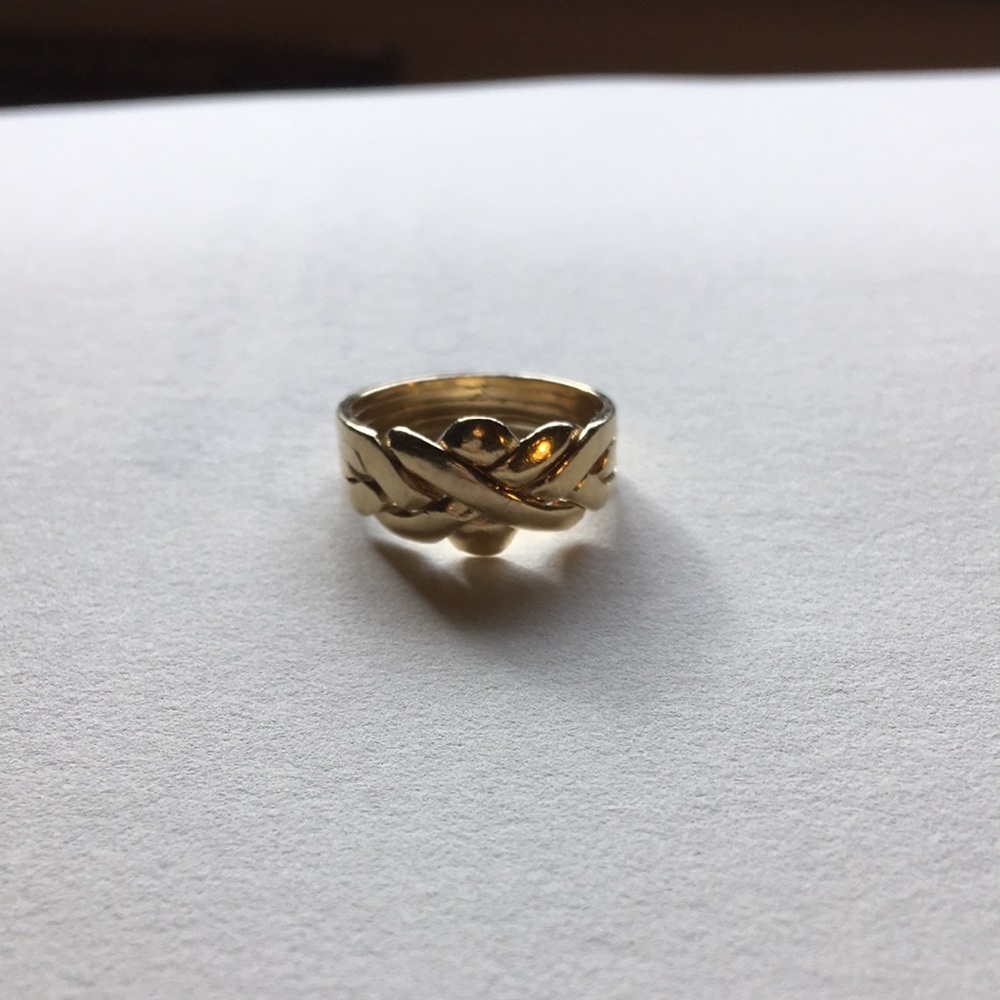 Woman’s 14k Yellow Gold Puzzle Ring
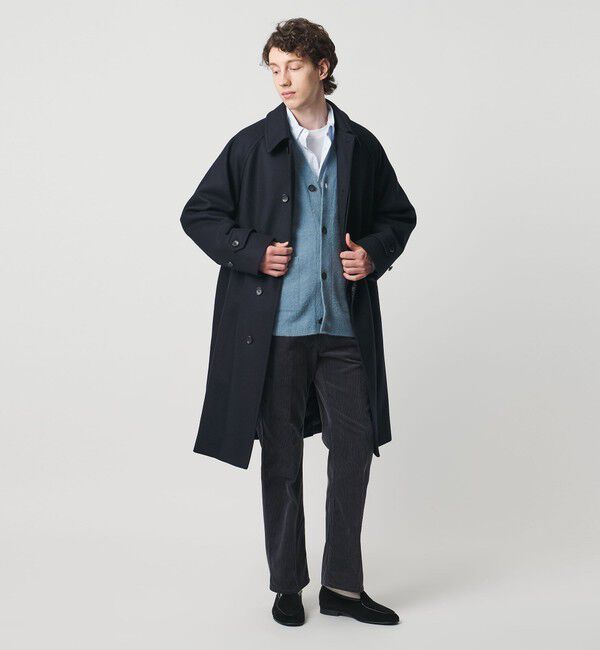 UNITED ARROWS「ウーステッドメルトン バルマカーンコート」|ステンカラーコート|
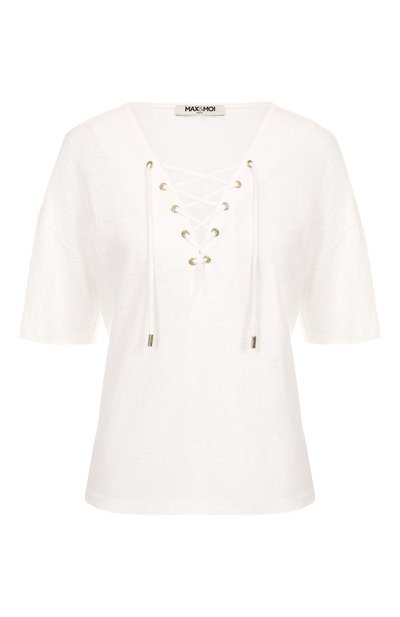 Женская льняная футболка MAX AND MOI, арт. E25TAYANNA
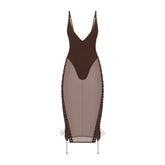 LUDOVIC DE SAINT SERNIN X SKIMS SKIMS BODY DRESS | COCOA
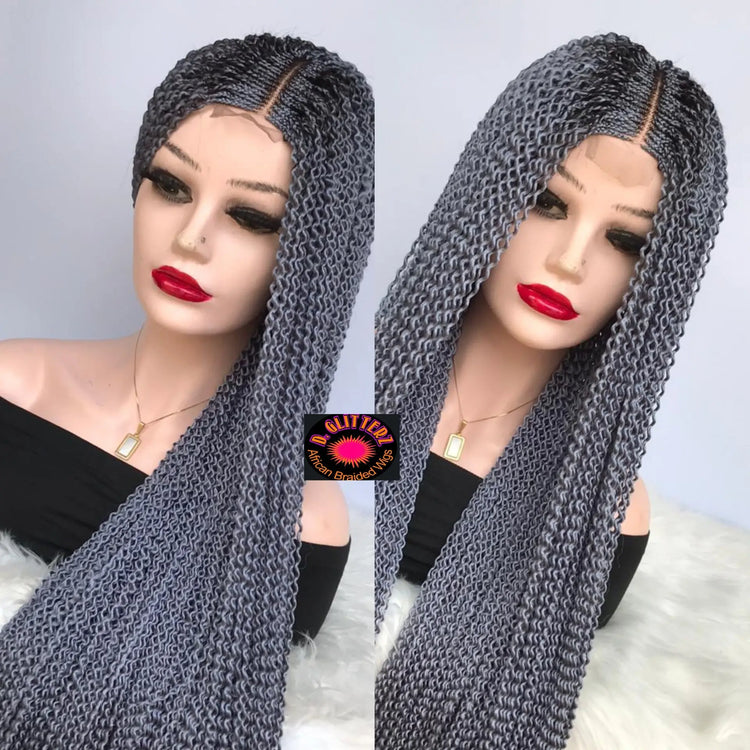 WATERMELON WIGS ON 2*4 LACE CLOSURE - d.glitterzwigs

## Your objective
Copy out every entry above word for word; omit the images.

## Answer section
 Woman’s 14k Yellow Gold Puzzle Ring
 UNITED ARROWS「ウーステッドメルトン バルマカーンコート」|ステンカラーコート|
 Женская льняная футболка MAX AND MOI, арт. E25TAYANNA
 LUDOVIC DE SAINT SERNIN X SKIMS SKIMS BODY DRESS | COCOA
 WATERMELON WIGS ON 2*4 LACE CLOSURE - d.glitterzwigs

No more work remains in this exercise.